Otra situación que entra en el debate político español a menudo y que también nos sirve como ejemplo es el uso de los coches oficiales. Y no por el motivo habitual. No vamos a resolver los problemas económicos de nuestro país reduciendo la flota de vehículos. Populismo barato, que consigue aplausos de un cierto sector de la población y que transmite una falsa imagen de austeridad. El verdadero problema de esos coches blindados, de esos conductores a su disposición, de esos guardaespaldas como armarios roperos que escoltan a los políticos de turno es que crea un abismo entre ellos y los ciudadanos. Otro más.

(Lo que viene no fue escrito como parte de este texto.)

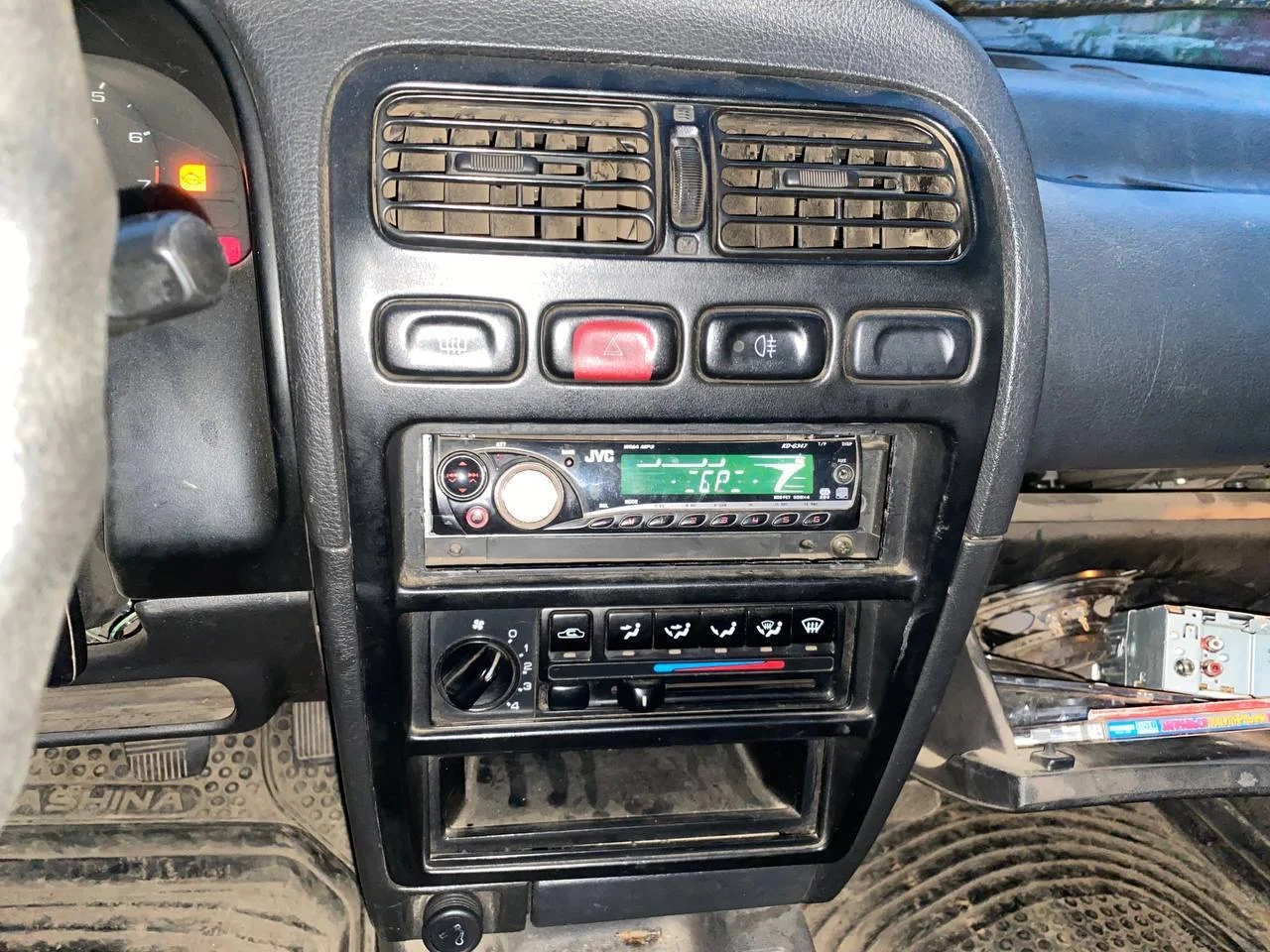 Nissan Primera P10 - миниатюра 6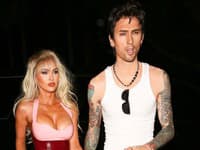 Megan Fox a Machine Gun Kelly na halloweenskej párty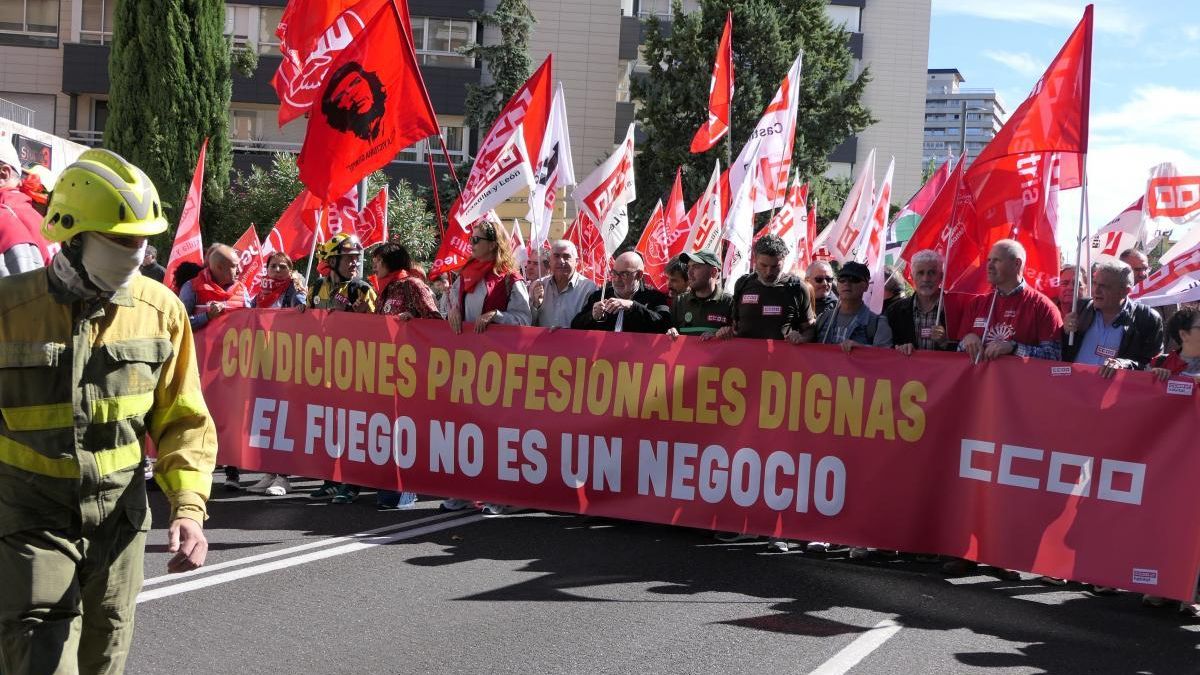 Castilla y León lucha contra el fuego con protocolos pensados para el siglo pasado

Un diputado nacional hacía autocrítica hace unas semanas en una entrevista y aseguraba que los políticos deberían utilizar más el transporte público. Deberían, decía. El verbo es importante en este caso. Una autocrítica relativa, un brindis al sol. No parecía que fuera a poner remedio a corto plazo. Si fueran usuarios habituales de los servicios públicos, sobre los que legislan, tal vez tuvieran más sensibilidad a la hora de practicar recortes o de minimizar el impacto de sus políticas sociales.

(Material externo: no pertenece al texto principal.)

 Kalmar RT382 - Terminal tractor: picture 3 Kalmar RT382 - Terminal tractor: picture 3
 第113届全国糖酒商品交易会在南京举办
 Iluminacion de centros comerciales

Si pisaran más a menudo la calle, si no vivieran en su burbuja, si hablaran de vez en cuando con sus vecinos, si escucharan más y hablaran menos, si no vivieran aislados, quizá pudieran poner freno al descontento social y al desprestigio de las instituciones que reflejan las encuestas. Luego ya sabemos que llegan las campañas electorales y es habitual encontrarse con el candidato de turno repartiendo propaganda en el mercado, en la panadería o en la plaza del pueblo. Sobre todo, si hay un fotógrafo cerca. Eso no cuenta, no es creíble. Nuestros políticos están sordos y ciegos. Mudos no.